> [Data for analysis]:

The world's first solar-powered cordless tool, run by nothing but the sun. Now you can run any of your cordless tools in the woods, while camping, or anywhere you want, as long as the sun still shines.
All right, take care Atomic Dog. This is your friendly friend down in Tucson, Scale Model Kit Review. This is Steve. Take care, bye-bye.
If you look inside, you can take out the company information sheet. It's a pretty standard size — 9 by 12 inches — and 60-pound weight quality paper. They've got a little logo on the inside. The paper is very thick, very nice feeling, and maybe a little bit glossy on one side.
...
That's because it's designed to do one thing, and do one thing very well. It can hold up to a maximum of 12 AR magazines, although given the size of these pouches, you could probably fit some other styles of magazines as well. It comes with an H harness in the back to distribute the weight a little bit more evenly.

> [Problem details]: Wherever a line of the records above contains the string "your", copy that line out.

> [Completed task]:
The world's first solar-powered cordless tool, run by nothing but the sun. Now you can run any of your cordless tools in the woods, while camping, or anywhere you want, as long as the sun still shines.
All right, take care Atomic Dog. This is your friendly friend down in Tucson, Scale Model Kit Review. This is Steve. Take care, bye-bye.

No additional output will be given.